In the space of 65 years Belfast went from a regional backwater to an industrial powerhouse. AP Maginness talks to the editor of a new book about Belfast's 'Belle Epoque' and discovers a frontier town in the style of the American west A LMOST 400 hundred years ago the small settlement of Belfast, with a population of about 1,000 people, was granted its royal charter as a borough.
Three hundred years later, Belfast emerged as an industrial powerhouse of international importance.
With one of the world's largest ports, it enjoyed a brief spell as Ireland's largest urban centre and was a major player in the British industrial scene.

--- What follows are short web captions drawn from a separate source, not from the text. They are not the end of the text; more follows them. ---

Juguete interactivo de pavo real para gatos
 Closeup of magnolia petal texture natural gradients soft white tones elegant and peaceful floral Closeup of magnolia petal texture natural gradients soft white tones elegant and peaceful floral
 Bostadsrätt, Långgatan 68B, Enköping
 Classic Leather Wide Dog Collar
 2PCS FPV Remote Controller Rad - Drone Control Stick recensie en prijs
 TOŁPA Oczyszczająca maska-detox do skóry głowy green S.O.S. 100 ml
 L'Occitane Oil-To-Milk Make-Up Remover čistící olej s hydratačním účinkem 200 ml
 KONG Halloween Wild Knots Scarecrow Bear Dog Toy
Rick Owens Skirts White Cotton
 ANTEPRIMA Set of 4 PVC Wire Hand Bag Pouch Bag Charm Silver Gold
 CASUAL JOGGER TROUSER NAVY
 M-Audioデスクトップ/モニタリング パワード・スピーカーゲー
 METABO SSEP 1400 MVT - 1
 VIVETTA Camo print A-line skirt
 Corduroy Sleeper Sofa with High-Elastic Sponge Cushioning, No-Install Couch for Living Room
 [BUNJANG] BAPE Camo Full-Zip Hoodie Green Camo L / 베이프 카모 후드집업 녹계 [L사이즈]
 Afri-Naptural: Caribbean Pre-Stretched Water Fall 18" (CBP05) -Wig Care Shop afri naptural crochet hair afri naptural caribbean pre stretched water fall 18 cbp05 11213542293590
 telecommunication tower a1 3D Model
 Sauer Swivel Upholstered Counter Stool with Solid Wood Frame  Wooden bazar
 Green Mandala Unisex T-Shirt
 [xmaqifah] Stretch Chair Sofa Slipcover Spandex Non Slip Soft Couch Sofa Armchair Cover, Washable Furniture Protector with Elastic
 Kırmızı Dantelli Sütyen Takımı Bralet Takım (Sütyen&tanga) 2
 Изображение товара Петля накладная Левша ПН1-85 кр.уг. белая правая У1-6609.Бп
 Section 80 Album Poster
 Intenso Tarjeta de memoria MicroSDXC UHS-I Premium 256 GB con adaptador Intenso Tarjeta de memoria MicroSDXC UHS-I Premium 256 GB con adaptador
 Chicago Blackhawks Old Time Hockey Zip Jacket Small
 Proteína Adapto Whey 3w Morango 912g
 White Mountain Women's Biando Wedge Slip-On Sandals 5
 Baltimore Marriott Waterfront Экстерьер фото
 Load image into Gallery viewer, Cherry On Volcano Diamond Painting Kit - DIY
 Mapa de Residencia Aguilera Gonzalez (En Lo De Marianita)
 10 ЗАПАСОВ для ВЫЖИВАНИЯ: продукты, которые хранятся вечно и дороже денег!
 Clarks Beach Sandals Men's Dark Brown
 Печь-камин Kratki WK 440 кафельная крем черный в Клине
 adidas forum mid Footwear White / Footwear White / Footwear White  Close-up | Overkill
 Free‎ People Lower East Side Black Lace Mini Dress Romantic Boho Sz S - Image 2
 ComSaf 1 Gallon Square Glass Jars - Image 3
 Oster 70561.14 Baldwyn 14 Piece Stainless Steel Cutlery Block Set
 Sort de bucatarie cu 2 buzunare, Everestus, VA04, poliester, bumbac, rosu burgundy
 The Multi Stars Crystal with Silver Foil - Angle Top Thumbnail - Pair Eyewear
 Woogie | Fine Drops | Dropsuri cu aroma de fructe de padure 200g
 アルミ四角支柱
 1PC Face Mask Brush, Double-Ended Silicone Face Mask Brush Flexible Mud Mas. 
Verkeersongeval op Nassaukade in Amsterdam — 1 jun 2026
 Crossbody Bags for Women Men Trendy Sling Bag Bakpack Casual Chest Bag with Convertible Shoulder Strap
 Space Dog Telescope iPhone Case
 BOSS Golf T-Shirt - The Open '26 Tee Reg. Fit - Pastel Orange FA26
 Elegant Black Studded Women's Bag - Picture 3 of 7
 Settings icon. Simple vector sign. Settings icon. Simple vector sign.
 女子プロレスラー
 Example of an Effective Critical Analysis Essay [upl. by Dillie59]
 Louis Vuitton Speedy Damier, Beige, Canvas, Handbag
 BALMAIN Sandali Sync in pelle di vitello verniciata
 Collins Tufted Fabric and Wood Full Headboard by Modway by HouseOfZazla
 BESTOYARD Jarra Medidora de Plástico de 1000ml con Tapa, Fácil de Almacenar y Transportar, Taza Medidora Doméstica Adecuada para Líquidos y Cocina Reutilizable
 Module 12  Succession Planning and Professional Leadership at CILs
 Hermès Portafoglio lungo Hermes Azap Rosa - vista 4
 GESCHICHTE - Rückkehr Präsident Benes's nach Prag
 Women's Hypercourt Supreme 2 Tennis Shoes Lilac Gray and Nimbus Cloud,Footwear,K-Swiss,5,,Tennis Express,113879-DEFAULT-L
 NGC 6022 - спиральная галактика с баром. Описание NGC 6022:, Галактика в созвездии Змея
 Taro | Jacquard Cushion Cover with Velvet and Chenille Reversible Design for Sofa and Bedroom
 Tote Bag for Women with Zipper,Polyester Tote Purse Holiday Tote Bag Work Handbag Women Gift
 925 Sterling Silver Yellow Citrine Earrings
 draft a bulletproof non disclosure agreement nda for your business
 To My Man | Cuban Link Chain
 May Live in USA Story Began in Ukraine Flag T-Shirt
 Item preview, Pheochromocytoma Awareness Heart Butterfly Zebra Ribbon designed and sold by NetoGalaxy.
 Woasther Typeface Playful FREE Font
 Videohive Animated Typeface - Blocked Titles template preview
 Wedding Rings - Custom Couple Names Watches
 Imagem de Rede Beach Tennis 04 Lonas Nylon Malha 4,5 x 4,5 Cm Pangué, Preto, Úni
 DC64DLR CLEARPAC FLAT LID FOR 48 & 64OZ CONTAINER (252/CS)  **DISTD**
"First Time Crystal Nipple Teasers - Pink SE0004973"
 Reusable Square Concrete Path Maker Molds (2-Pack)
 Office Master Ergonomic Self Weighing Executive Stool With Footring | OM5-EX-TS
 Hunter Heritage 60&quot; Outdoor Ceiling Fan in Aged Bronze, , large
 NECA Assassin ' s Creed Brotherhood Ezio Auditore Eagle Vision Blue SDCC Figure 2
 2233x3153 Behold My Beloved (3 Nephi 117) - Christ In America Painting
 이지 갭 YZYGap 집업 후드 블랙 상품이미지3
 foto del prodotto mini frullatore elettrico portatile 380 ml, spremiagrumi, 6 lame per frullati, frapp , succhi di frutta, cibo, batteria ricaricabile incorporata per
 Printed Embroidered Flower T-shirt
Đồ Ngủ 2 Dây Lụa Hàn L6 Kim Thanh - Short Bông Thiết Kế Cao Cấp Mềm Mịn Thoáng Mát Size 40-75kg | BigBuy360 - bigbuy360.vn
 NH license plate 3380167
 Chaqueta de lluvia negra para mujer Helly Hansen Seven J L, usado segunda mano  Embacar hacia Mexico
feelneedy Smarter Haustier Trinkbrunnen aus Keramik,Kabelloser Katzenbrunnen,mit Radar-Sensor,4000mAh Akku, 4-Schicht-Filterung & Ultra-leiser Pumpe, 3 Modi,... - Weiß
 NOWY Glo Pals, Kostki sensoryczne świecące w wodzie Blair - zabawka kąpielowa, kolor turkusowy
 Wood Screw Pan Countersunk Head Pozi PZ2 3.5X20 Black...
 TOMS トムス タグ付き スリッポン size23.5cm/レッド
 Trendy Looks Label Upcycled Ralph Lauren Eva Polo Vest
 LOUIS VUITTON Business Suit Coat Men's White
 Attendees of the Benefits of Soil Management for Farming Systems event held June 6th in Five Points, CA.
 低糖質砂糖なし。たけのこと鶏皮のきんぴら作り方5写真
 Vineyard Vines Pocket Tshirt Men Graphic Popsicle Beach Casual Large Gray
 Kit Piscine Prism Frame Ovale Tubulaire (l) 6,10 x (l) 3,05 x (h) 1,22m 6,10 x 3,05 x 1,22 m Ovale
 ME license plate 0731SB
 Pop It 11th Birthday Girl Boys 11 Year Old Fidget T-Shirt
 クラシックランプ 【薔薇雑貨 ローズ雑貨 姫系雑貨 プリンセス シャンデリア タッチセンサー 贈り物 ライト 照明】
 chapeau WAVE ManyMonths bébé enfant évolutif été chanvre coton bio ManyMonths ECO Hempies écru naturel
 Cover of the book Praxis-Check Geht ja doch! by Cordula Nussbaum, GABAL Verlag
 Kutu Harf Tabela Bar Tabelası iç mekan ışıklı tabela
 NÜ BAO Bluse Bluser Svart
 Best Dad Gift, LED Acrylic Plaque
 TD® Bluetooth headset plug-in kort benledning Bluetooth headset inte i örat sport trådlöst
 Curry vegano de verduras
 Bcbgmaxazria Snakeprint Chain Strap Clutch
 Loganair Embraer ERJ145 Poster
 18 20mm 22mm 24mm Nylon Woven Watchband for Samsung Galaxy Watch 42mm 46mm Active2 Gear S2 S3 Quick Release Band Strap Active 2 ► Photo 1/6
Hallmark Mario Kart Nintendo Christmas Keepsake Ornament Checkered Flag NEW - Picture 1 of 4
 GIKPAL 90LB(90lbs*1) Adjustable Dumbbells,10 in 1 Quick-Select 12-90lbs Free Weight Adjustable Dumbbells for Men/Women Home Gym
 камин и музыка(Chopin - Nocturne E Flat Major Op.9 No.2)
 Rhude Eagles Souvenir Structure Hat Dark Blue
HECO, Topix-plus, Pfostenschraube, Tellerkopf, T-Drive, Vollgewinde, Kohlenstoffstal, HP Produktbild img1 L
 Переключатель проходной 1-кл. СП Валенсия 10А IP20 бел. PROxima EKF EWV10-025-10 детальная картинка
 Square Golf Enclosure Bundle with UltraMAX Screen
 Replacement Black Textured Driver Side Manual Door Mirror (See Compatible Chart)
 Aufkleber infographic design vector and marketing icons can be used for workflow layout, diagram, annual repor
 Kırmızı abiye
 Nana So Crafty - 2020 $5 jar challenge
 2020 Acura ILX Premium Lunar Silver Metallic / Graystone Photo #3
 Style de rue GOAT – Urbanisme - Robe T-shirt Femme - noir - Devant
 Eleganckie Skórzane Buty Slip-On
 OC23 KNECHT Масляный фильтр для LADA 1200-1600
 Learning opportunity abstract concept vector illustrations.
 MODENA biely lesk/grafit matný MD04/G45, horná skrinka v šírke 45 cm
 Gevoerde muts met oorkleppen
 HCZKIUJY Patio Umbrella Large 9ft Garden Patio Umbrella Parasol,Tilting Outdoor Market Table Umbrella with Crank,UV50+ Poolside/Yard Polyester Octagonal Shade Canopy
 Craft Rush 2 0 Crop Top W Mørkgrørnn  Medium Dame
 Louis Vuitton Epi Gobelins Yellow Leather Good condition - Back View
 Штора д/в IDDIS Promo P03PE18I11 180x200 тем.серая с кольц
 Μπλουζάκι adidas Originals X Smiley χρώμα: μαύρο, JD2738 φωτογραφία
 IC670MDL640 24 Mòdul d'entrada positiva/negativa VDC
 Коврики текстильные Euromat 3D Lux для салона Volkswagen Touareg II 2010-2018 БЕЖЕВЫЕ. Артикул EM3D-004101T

How did this happen in such a relatively short period and why?
Social and economic history lecturer at Queen's University, Belfast, Dr Olwen Purdue has the answer, having recently published a study of Belfast's rise as an industrial power from 1850 to 1914.
Belfast: The Emerging City 1850-1914, which Dr Purdue edited, celebrates and explores Belfast's own Belle Epoque through the essays of 17 contributors including the novelist Glenn Patterson.
"The origins of the book began with a chance conversation about five years ago," Dr Purdue says.
"Myself and a few PhD students were talking about governance among the elites of Belfast's early history.
"We soon realised that there was a lot of research that could be done and probably needed to be done."
Dr Purdue then organised a conference to discuss Belfast's early social and economic history as an emerging city and such was the level of interest that the decision was made to collate the ideas into a book.
Dr Purdue believes that historians due to the "overwhelming" nature of Belfast's political history have neglected the period.
However, along with her colleagues at Queen's, she is adamant that the period of Belfast's expansion is equally fascinating - even comparing Belfast of the 1850s to the 'wild west' of America.
"I think that one of the best ways of describing what happened in Belfast during this period is as a frontier town," Purdue says.
"There was an economic explosion and with it came an explosion of wealth and population - a kind of gold rush - and everything that comes with that."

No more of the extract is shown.